Gis Rubber Sheeting
Rubber sheeting a procedure to adjust the features of a coverage in a nonuniform manner.
Gis rubber sheeting. The method parameter determines the interpolation method used to create the temporary tins in rubbersheeting. It is slightly faster and produces good results when you have many rubbersheet links spread uniformly over the data. Spatial adjustment rubbersheeting makes small geometric adjustments in your data usually to align features with more accurate information. For steps to transform features using affine or similarity transformation methods see transform features.

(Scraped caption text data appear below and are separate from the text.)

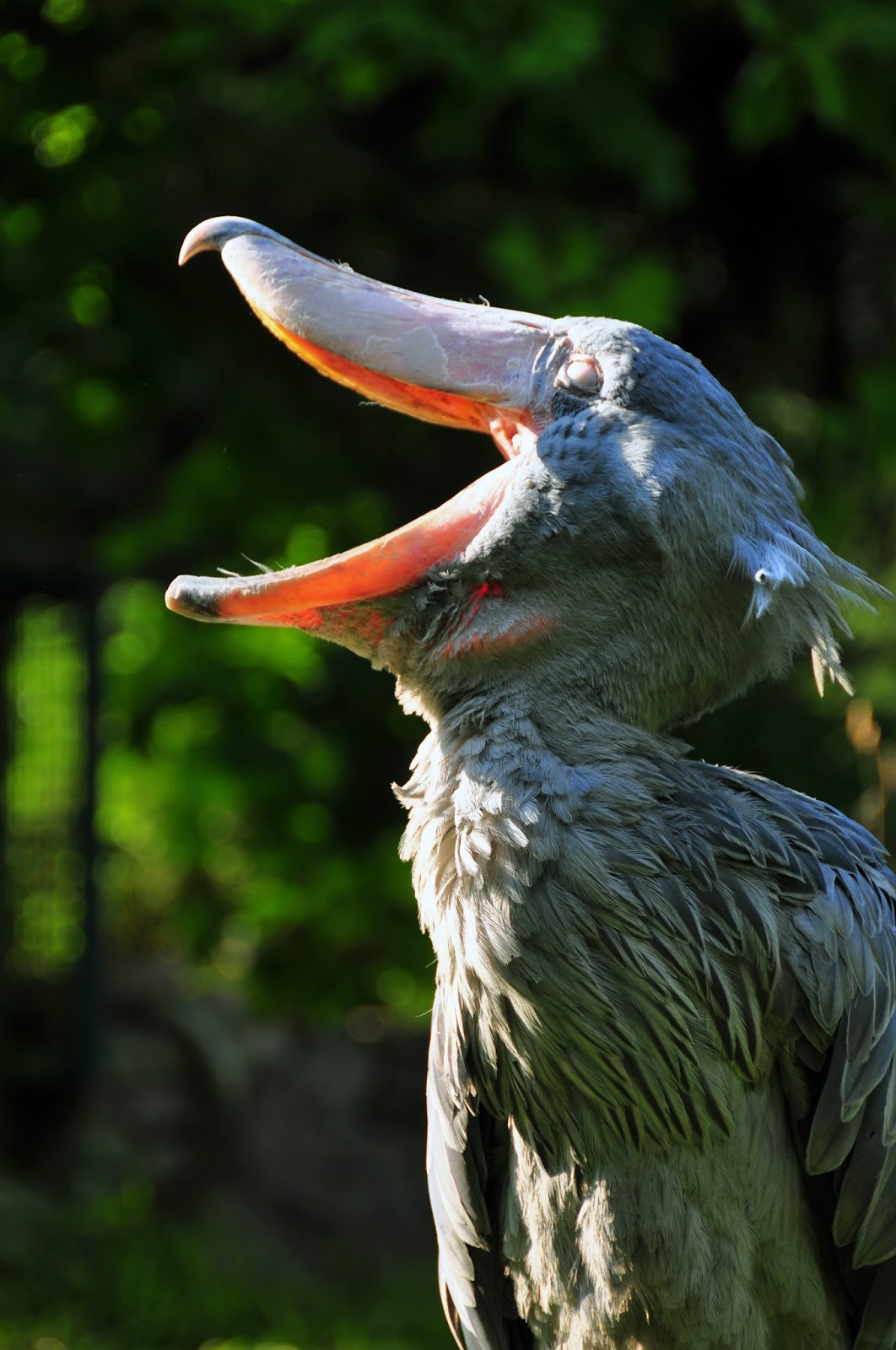 where does the shoebill stork live where does the shoebill stork live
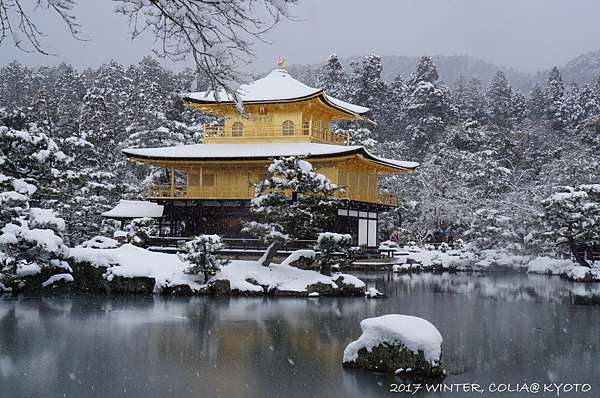 17 雪京都 金閣寺 需要緣分才能相遇的雪金閣 Colia 我是可樂 旅行 跑步 小日子 痞客邦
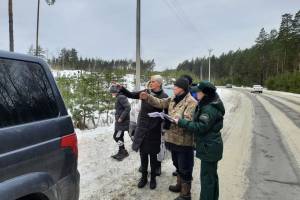 В брянских лесах на незаконной рубке елок к Новому году попались 3 человека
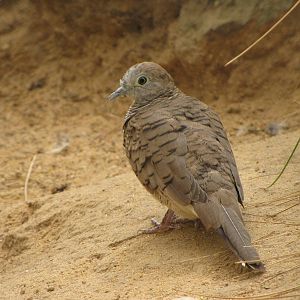zebra dove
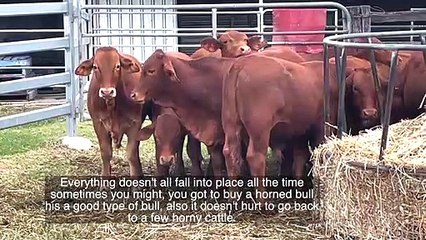 Neil Hobart | June 2022 | Queensland Country Life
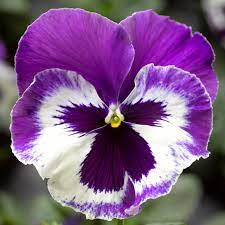 Pansy 6-Pack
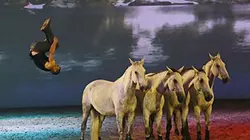 Visuel de Equestria 2014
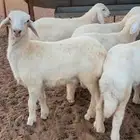 رخال حريه صنف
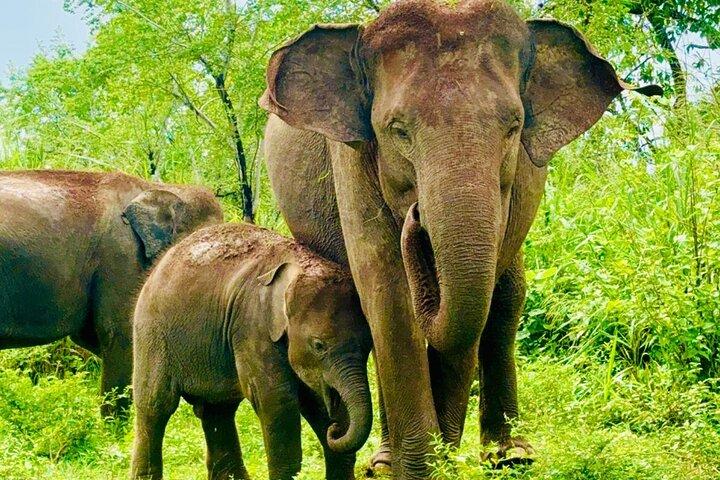 Private Tour durch den Minneriya-Nationalpark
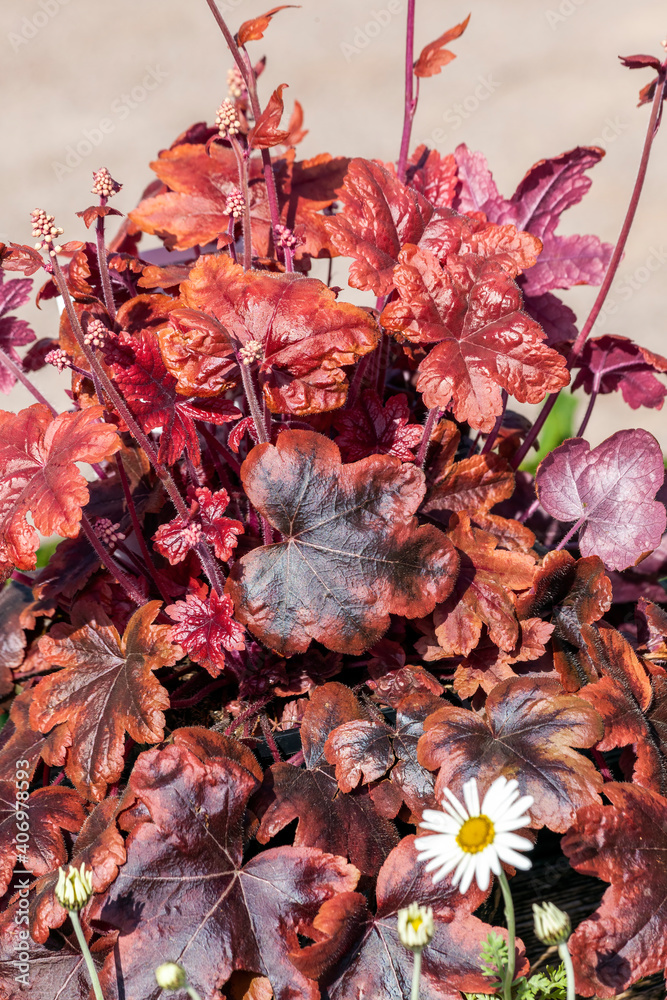 Heucherella 'Brass Lanterns' a herbaceous perennial a spring summer foliage plant with a white flower which is a cross between heuchera and tiarella, stock photo image Heucherella 'Brass Lanterns' a herbaceous perennial a spring summer foliage plant with a white flower which is a cross between heuchera and tiarella, stock photo image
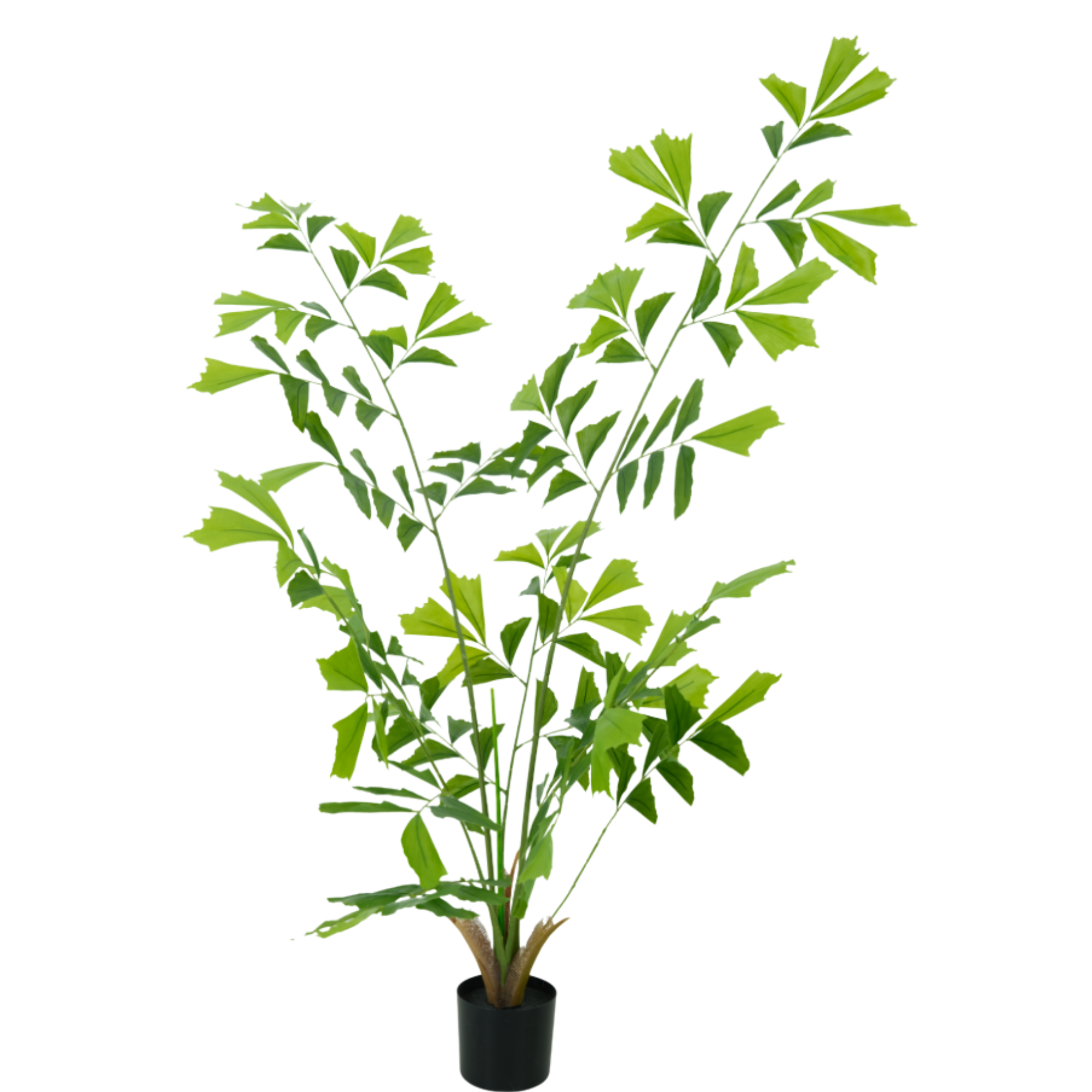 Artificial Fishtail Palm Tree, 150cm – Artificial Tree Wholesale for Commercial Interiors Artificial Fishtail Palm Tree, 150cm – Artificial Tree Wholesale for Commercial Interiors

Rubber sheeting is necessary because the imagery and the vector data will rarely match up correctly due to various reasons such as the angle at which the image was taken the curvature of the surface of the earth minor movements in the imaging platform such as a satellite or aircraft and other errors in the imagery. Rubber sheeting may improve the value of such sources and make them easier to compare to modern maps. Rubber sheeting a procedure for adjusting the coordinates of all the data points in a dataset to allow a more accurate match between. Rubber sheeting is a useful technique in historical gis where it is used to digitize and add old maps as feature layers in a modern gis.
Before aerial photography arrived most maps were highly inaccurate by modern standards. Rubber sheeting is a technique for edge matching and is another name for warping. See about spatial adjustment rubbersheeting for more details. Rubber sheeting is commonly used after a transformation to further refine the alignment accuracy of the transformed features.